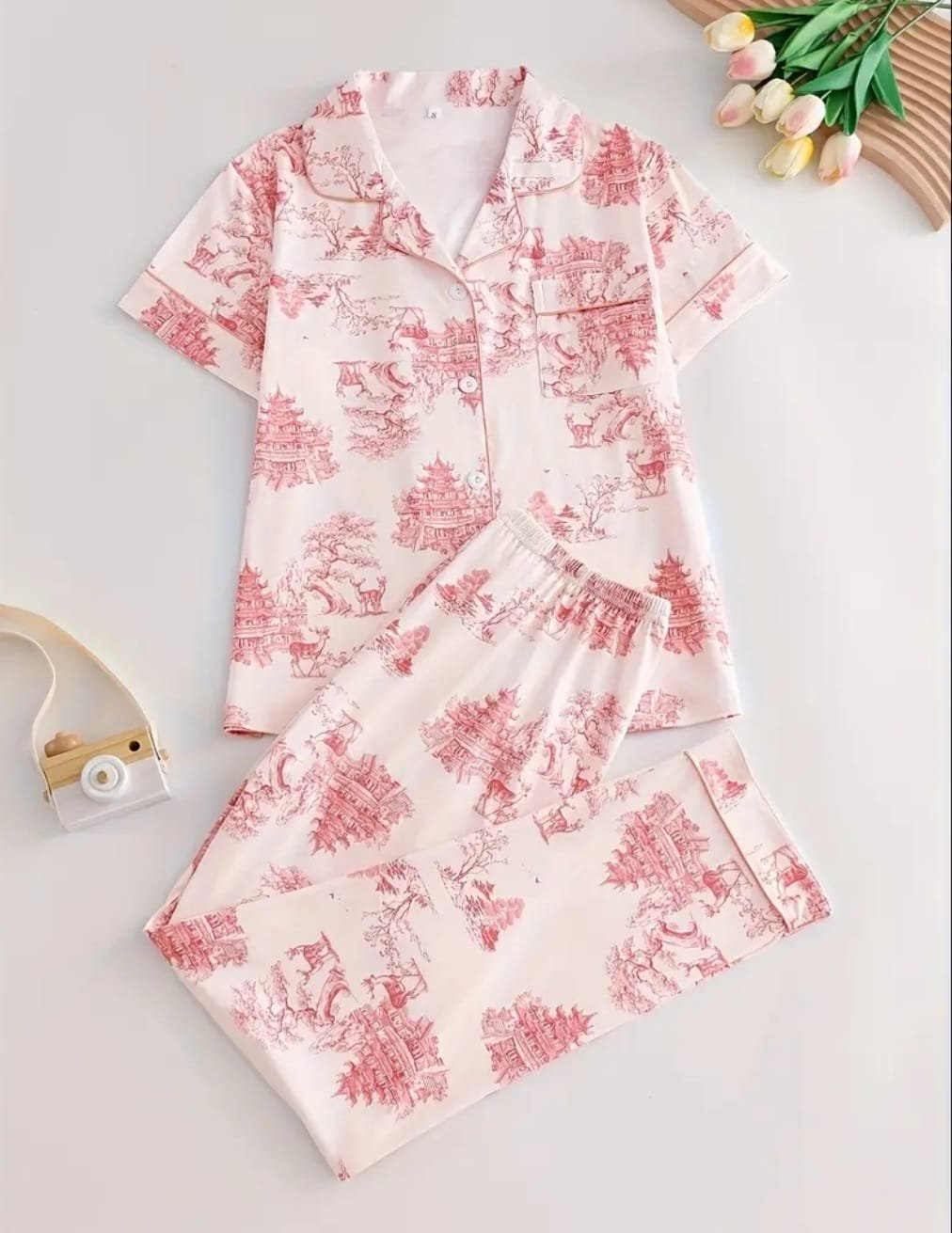 Women Sleepwear, Pink Trees/Peach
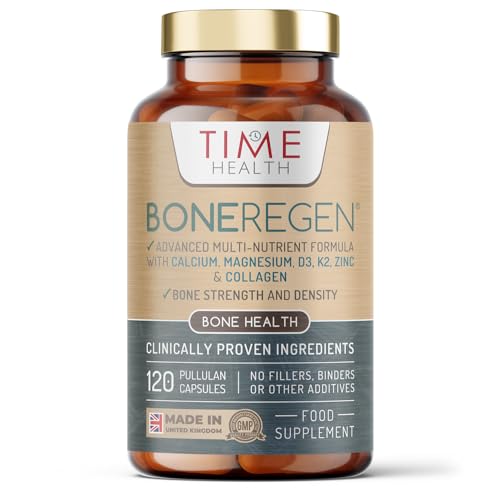 Bone Regen® – Osteo Support – Bone Strength, Density & Fracture Repair – with Calcium, Magnesium, Vitamin D3, K2, Zinc & Collagen – Clinically Proven Ingredients – GMP – UK Made Supplement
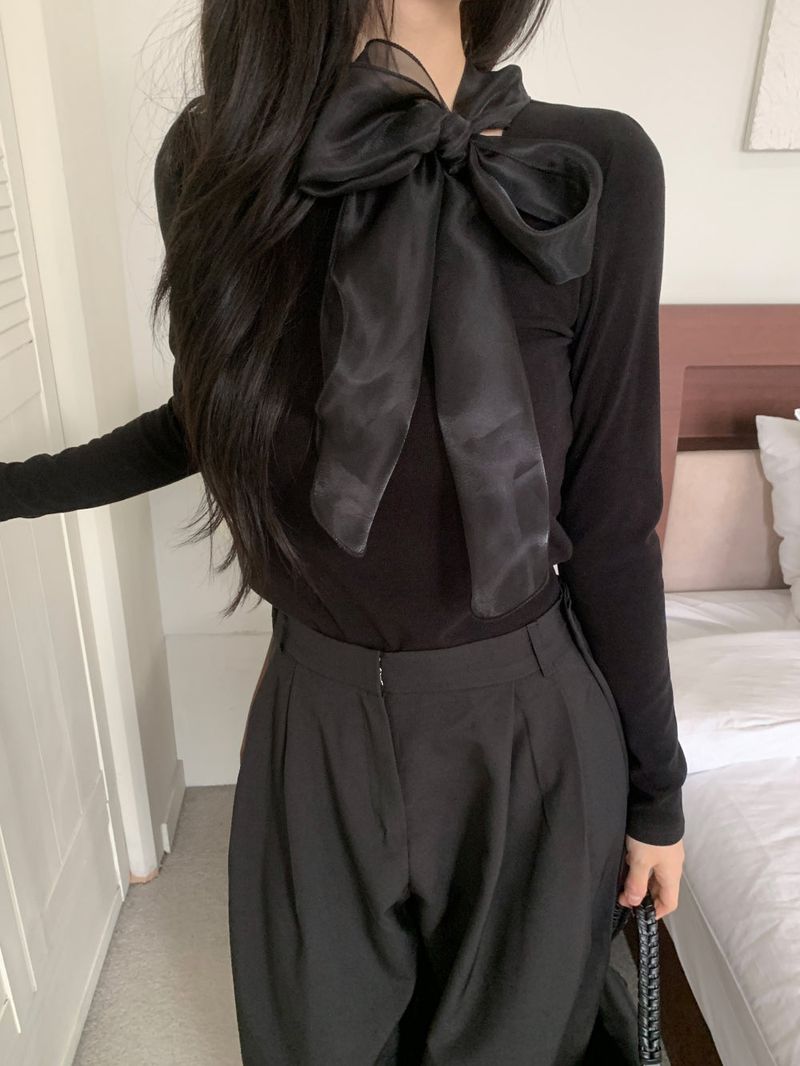 Tilly Tie Scarf Long Sleeve Top
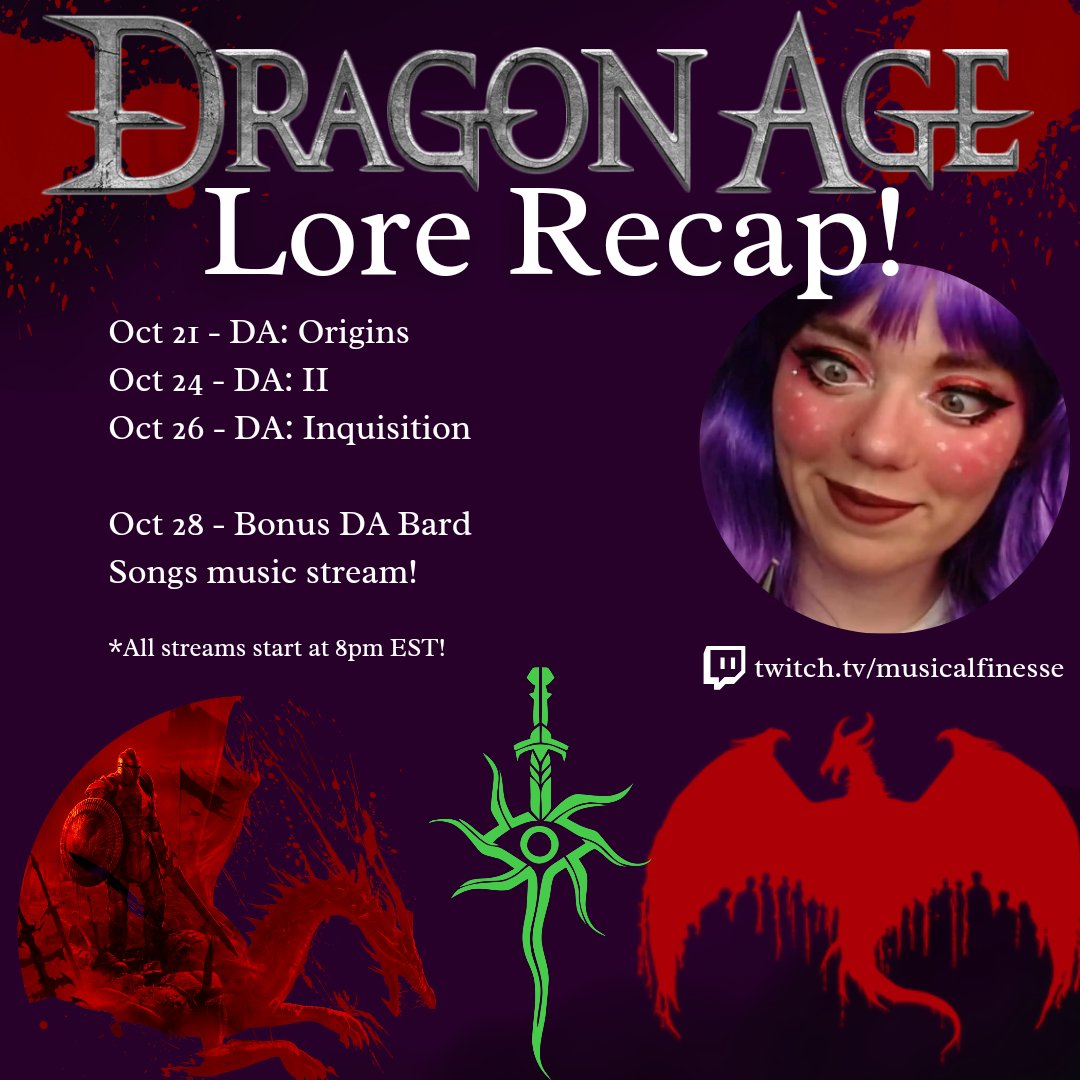 Dragon Age: II lore and story recap tonight!! Here's hoping I have everything I need compiled by then 😅
twitch.tv/musicalfinesse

● Your assignment
What you return must match, line for line, the span from the line containing "Tilly Tie Scarf Long Sleeve Top" through the last line of the listing above, with every picture omitted.

● The completed task
 Tilly Tie Scarf Long Sleeve Top
 Dragon Age: II lore and story recap tonight!! Here's hoping I have everything I need compiled by then 😅
twitch.tv/musicalfinesse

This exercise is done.